### Assignment
Leaving out the pictures, please retype each record exactly.

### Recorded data
((
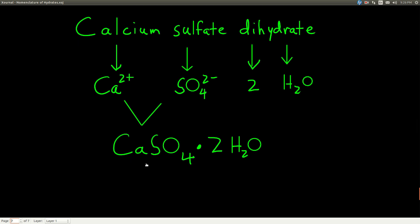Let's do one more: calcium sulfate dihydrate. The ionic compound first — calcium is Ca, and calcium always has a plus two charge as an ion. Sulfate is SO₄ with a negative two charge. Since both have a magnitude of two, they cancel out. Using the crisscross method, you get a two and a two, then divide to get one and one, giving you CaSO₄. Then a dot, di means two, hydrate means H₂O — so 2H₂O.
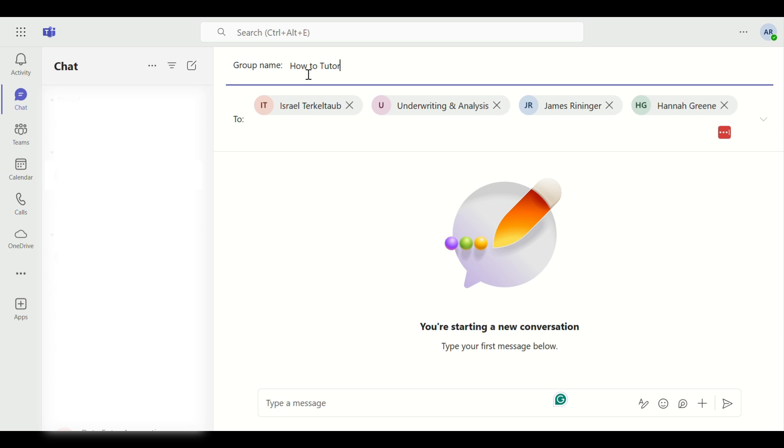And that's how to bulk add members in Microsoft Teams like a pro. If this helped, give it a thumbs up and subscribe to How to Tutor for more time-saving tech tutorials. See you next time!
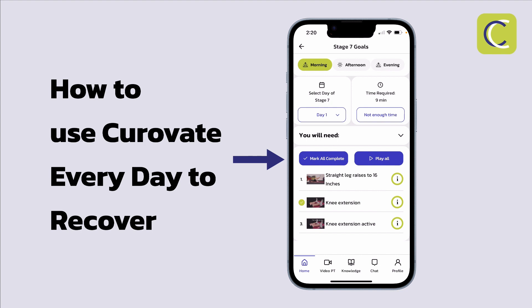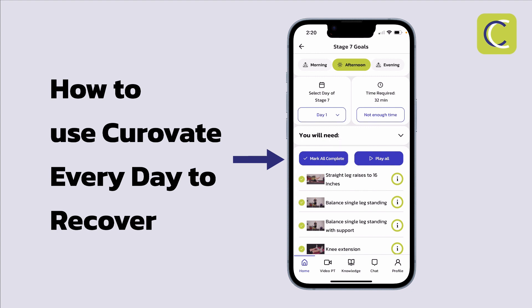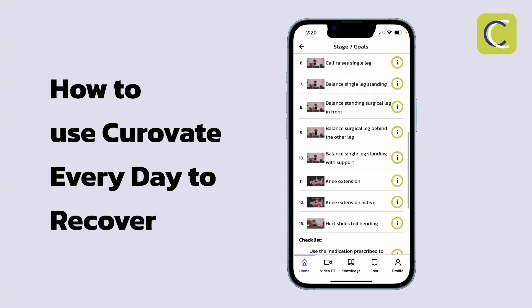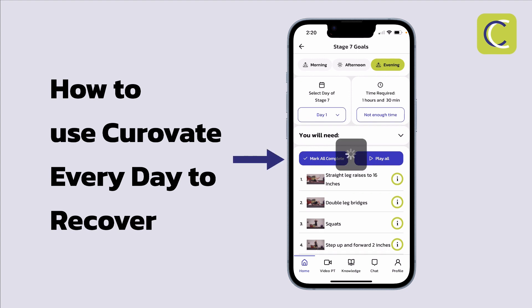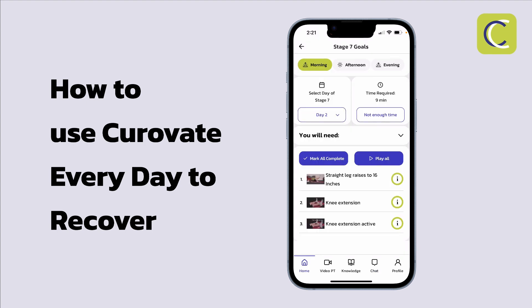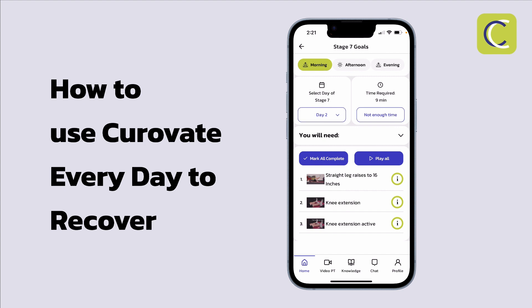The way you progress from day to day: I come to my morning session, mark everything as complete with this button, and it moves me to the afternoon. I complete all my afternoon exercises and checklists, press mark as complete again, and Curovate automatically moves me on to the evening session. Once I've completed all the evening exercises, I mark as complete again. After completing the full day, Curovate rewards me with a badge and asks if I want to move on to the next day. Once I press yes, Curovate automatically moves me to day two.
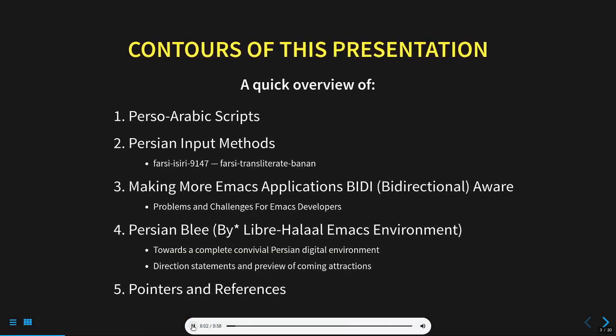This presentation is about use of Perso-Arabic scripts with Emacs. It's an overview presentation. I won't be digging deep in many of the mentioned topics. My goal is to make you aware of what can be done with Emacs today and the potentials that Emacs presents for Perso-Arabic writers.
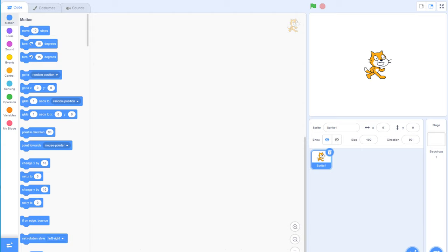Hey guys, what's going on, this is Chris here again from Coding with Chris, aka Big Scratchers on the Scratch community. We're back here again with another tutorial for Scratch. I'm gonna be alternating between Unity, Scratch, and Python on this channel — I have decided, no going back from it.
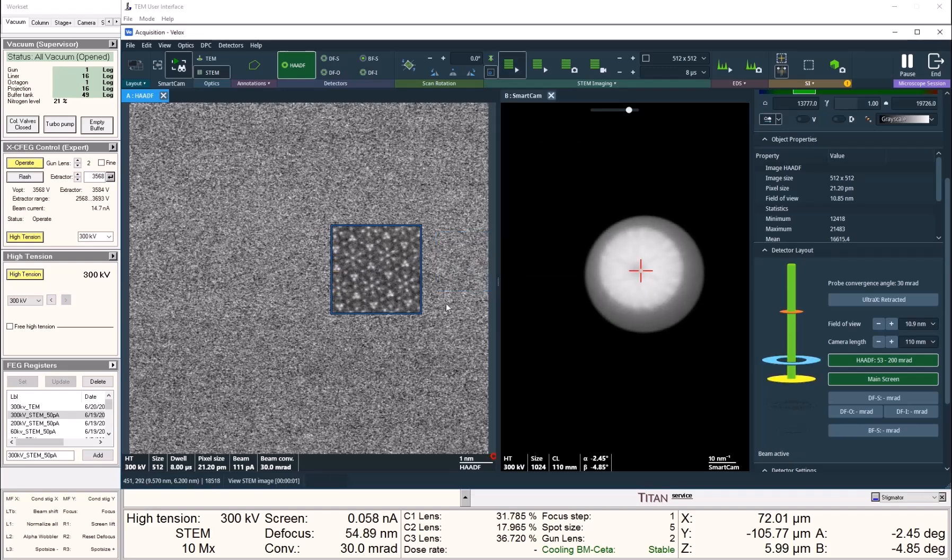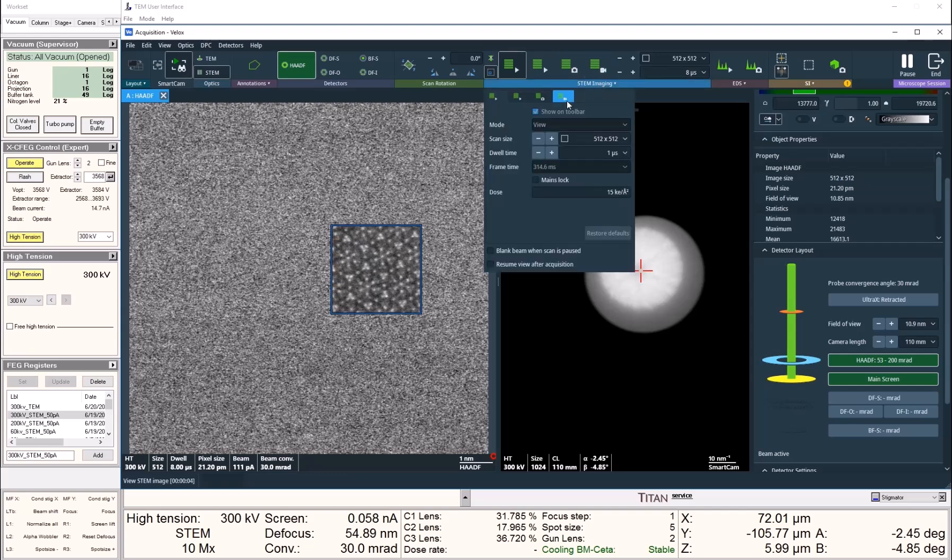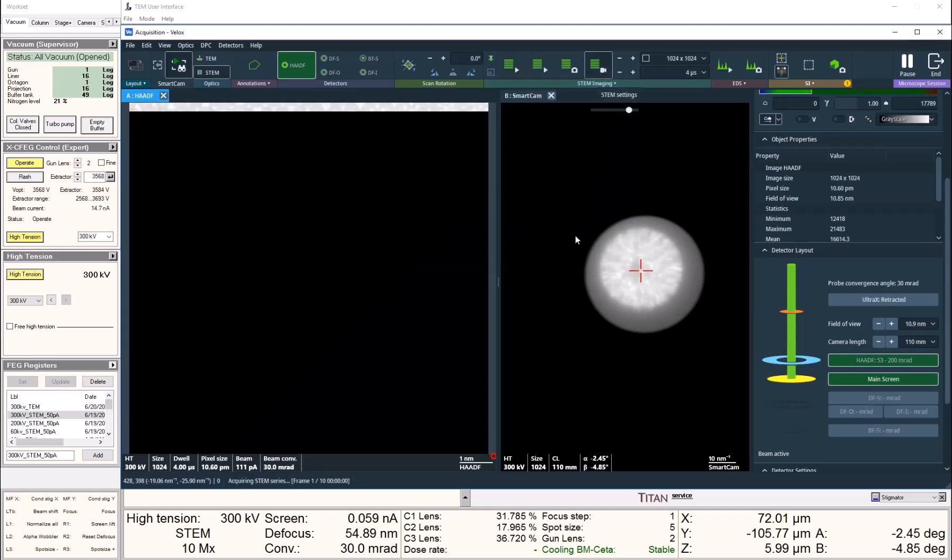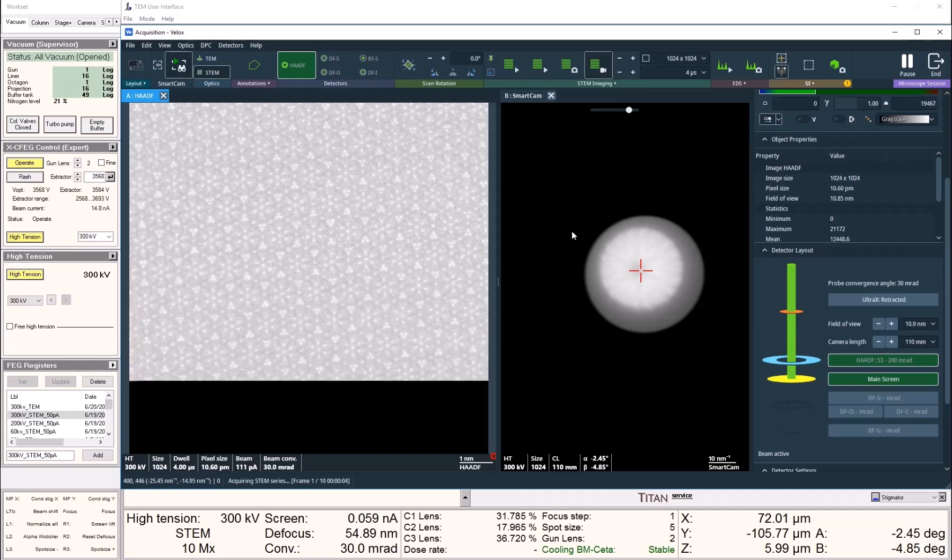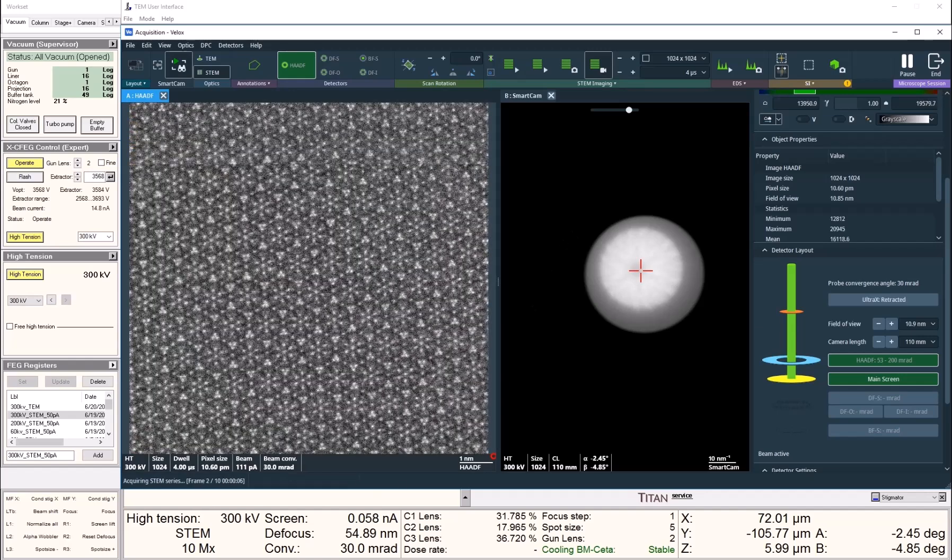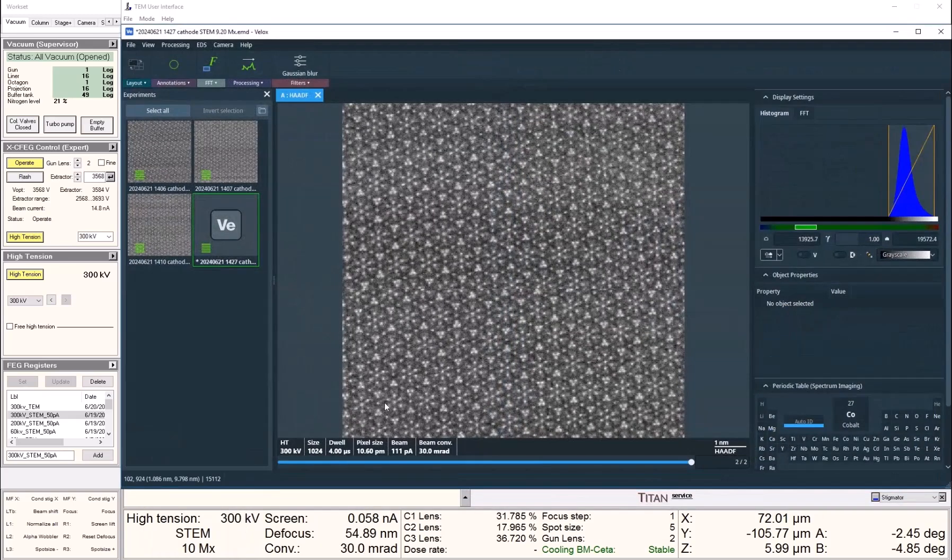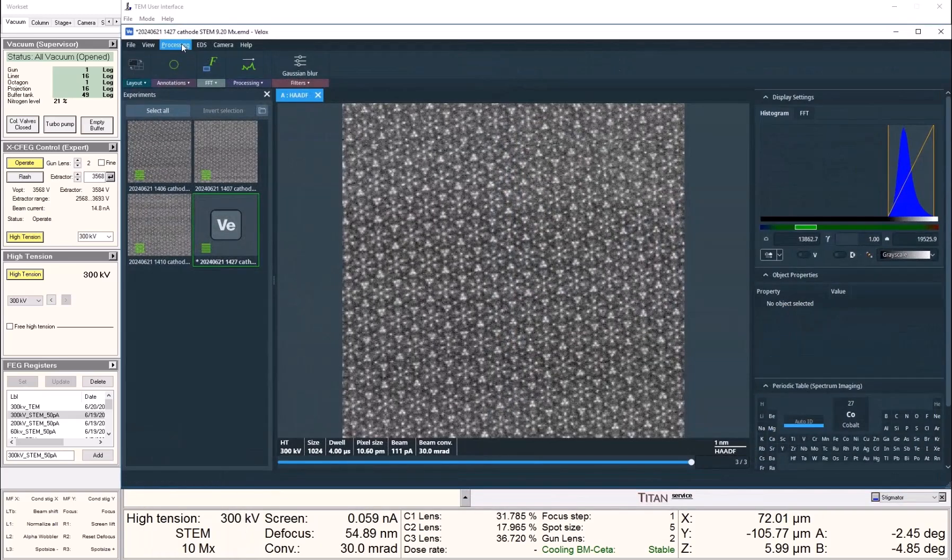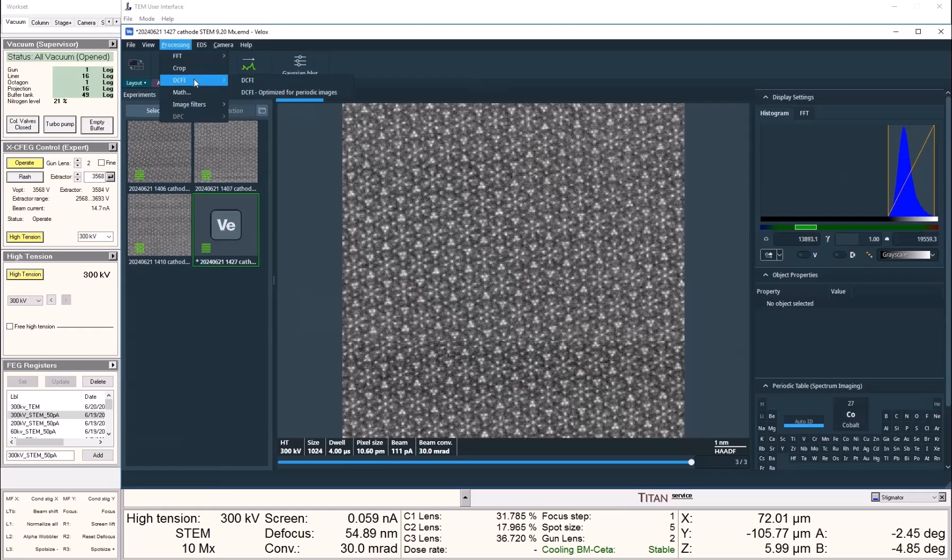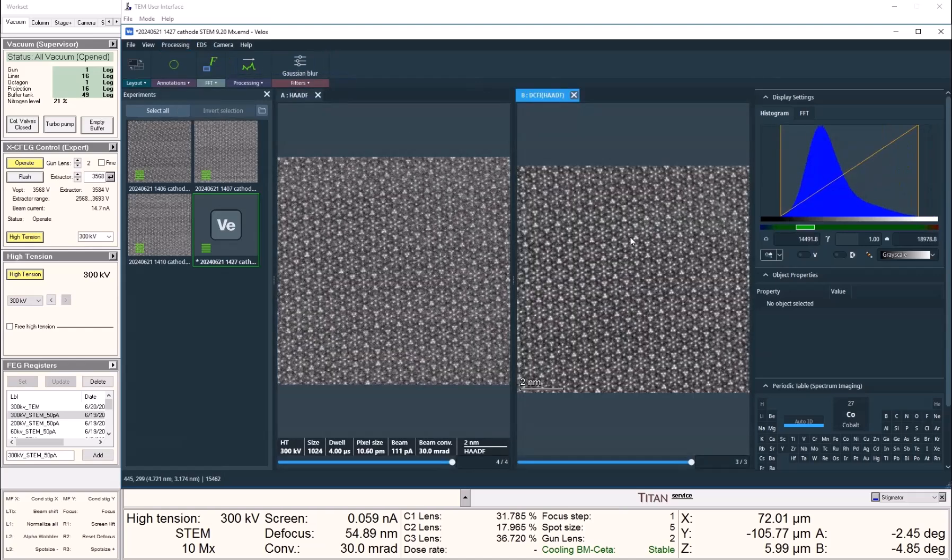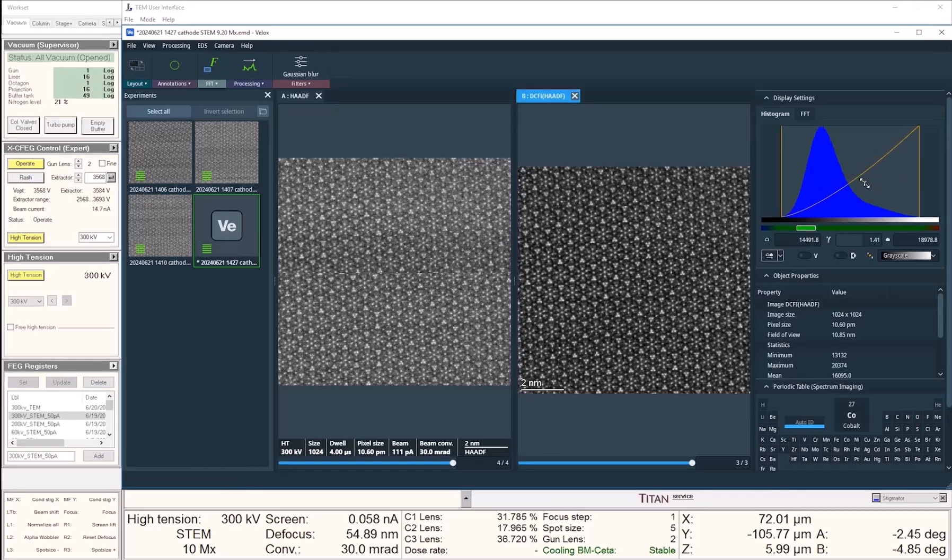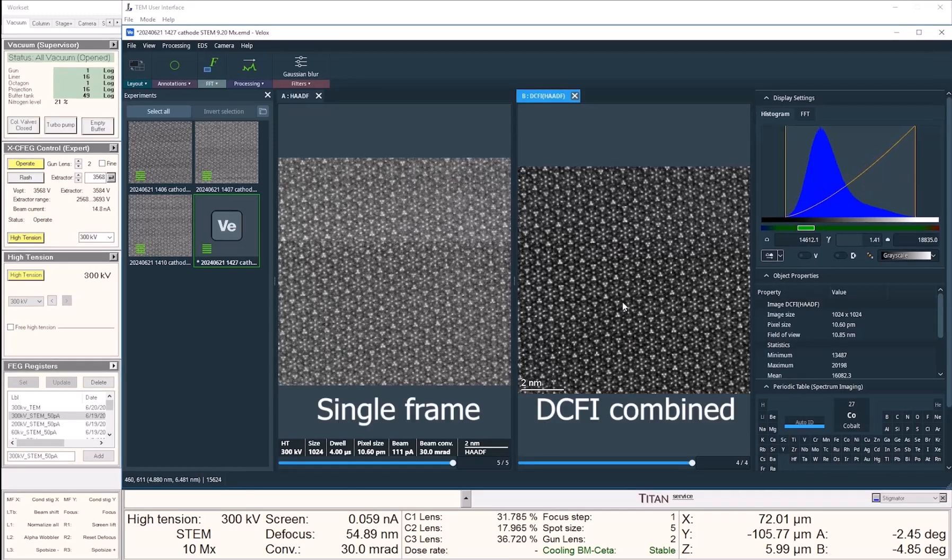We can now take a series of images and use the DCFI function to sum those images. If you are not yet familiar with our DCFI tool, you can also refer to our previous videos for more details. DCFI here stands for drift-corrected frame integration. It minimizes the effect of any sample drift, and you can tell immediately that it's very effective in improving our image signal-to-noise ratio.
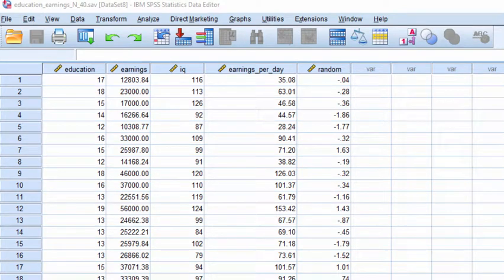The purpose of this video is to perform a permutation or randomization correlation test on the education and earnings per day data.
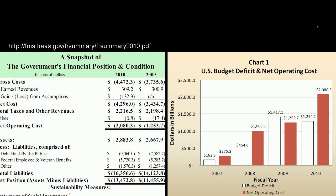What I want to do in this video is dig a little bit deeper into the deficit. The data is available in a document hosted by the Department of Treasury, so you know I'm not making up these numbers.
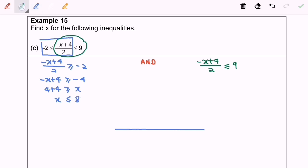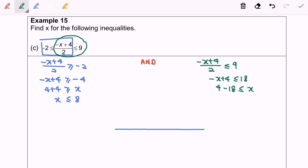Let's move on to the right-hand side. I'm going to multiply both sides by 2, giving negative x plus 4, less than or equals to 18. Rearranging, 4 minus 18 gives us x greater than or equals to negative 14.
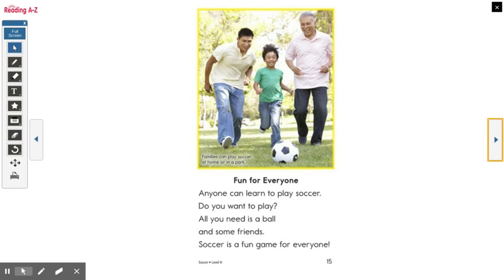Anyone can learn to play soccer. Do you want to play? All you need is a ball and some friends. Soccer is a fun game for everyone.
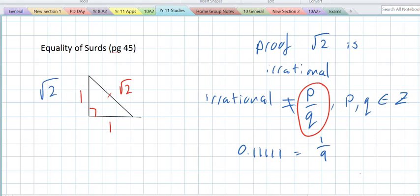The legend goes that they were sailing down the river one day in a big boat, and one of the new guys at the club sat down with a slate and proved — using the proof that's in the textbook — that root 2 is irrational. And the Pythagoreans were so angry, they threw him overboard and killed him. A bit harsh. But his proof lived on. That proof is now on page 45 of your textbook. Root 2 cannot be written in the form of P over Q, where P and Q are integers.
))
### Output below
Let's do one more: calcium sulfate dihydrate. The ionic compound first — calcium is Ca, and calcium always has a plus two charge as an ion. Sulfate is SO₄ with a negative two charge. Since both have a magnitude of two, they cancel out. Using the crisscross method, you get a two and a two, then divide to get one and one, giving you CaSO₄. Then a dot, di means two, hydrate means H₂O — so 2H₂O.
And that's how to bulk add members in Microsoft Teams like a pro. If this helped, give it a thumbs up and subscribe to How to Tutor for more time-saving tech tutorials. See you next time!
The way you progress from day to day: I come to my morning session, mark everything as complete with this button, and it moves me to the afternoon. I complete all my afternoon exercises and checklists, press mark as complete again, and Curovate automatically moves me on to the evening session. Once I've completed all the evening exercises, I mark as complete again. After completing the full day, Curovate rewards me with a badge and asks if I want to move on to the next day. Once I press yes, Curovate automatically moves me to day two.
This presentation is about use of Perso-Arabic scripts with Emacs. It's an overview presentation. I won't be digging deep in many of the mentioned topics. My goal is to make you aware of what can be done with Emacs today and the potentials that Emacs presents for Perso-Arabic writers.
Hey guys, what's going on, this is Chris here again from Coding with Chris, aka Big Scratchers on the Scratch community. We're back here again with another tutorial for Scratch. I'm gonna be alternating between Unity, Scratch, and Python on this channel — I have decided, no going back from it.
We can now take a series of images and use the DCFI function to sum those images. If you are not yet familiar with our DCFI tool, you can also refer to our previous videos for more details. DCFI here stands for drift-corrected frame integration. It minimizes the effect of any sample drift, and you can tell immediately that it's very effective in improving our image signal-to-noise ratio.
The purpose of this video is to perform a permutation or randomization correlation test on the education and earnings per day data.
What I want to do in this video is dig a little bit deeper into the deficit. The data is available in a document hosted by the Department of Treasury, so you know I'm not making up these numbers.
Let's move on to the right-hand side. I'm going to multiply both sides by 2, giving negative x plus 4, less than or equals to 18. Rearranging, 4 minus 18 gives us x greater than or equals to negative 14.
Anyone can learn to play soccer. Do you want to play? All you need is a ball and some friends. Soccer is a fun game for everyone.
The legend goes that they were sailing down the river one day in a big boat, and one of the new guys at the club sat down with a slate and proved — using the proof that's in the textbook — that root 2 is irrational. And the Pythagoreans were so angry, they threw him overboard and killed him. A bit harsh. But his proof lived on. That proof is now on page 45 of your textbook. Root 2 cannot be written in the form of P over Q, where P and Q are integers.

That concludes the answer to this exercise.